Heavyweight boxer Max Schmeling, touted as a Nazi ideal in 1930s Germany, is best known for two highly symbolic and historically charged bouts against American champion Joe Louis. Schmeling represented fascism and white supremacy in the ring, while Louis, an African-American popularly known as the Brown Bomber, embodied democracy and equality.
While the two fighters' intertwined story has been explored in movies and books, both men have dimensions that have yet to be teased out. In Schmeling's case, one interesting line of inquiry surrounds his friendship with Yussle "Joe" Jacobs, a Jewish American who was his manager and promoter.
Both men worked together for more than a decade, even as the Nazi ideology and violence cast shadows over them and engulfed the world in war.
Playwright David Feldshuh ("Miss Evers' Boys") has crafted a drama in which he explores the friendship between the Nazi poster boy and his Jewish American manager. "Yussle the Muscle" is getting a workshop production in the Illusion Theatre's Fresh Ink series this weekend.
"The story says more than one thing, but it's ultimately about survival in the face of all kinds of challenges," Feldshuh said. "These are two people from different areas and eras who manage to survive the most negative assaults on their friendship."

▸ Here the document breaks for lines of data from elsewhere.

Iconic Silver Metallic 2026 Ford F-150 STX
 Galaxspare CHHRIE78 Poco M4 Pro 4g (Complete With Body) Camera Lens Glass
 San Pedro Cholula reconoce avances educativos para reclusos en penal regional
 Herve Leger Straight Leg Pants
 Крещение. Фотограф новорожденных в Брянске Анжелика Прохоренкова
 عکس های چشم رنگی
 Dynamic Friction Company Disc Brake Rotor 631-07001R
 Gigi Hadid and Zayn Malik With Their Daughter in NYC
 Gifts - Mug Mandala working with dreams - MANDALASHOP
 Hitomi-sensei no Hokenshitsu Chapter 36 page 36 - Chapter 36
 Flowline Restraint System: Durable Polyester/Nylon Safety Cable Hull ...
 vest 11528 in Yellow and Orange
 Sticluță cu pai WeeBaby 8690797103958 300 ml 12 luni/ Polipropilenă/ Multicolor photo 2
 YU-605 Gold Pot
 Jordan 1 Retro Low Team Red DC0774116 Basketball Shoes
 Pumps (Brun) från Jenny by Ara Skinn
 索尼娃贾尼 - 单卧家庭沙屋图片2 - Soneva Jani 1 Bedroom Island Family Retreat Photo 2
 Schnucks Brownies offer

Neither Schmeling nor Jacobs thought much at first of the larger political context in which they bonded and lived, Feldshuh said. Their story, much of it fictionalized by the playwright, is "small … against a big historical context."
"These are two human beings who may not even have been aware of the size of the moment," he said. "They saw each other as individuals, as people."
Still, he wondered aloud: "Is there such a thing as not being into politics if you're a professional world-class boxer like Schmeling? Of course not. Max thought of himself as only a boxer. But he loved admiration from anyone, and the Nazis used him before they cut him loose when he no longer served their purposes."